The result, at present, is a perception that the degree of risk is unknown but large, and this concern has made many groups of potential investors quite skittish.
“The high-yield (bond) market is dead. The availability of commercial banks to finance the wireless Web is almost nil because they are looking for near certainty of a revenue stream,” Gerstell said.
“Vendor financing remains a key source of debt financing, but they are not interested in subsidized loans or sweetheart deals because they want to offload loans to commercial banks, which are reluctant to finance the wireless Web. … Some big players in vendor financing have recently pulled back from commitments.”
As the result of this vise in which they are caught, wireless Web companies need to convince venture capitalists and other sources of private equity to finance them, he said.

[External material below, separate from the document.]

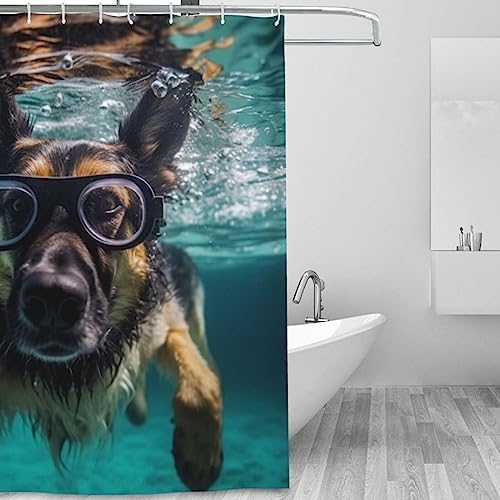 TIYAANDSY Underwater Glasses Dog Shower Curtain Set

As part of that strategy, they also must engage in the complicated process of obtaining financial commitments from strategic alliances with corporate sponsors: telecommunications operators and Internet service providers; construction and infrastructure companies; marketing and distribution firms; equipment and content providers.
“There is nothing unique about these structuring issues, but they do take on greater complexity. … Building strategic alliances is very important, a threshold consideration. It is more difficult than building an undersea cable or a wireless network,” Gerstell said.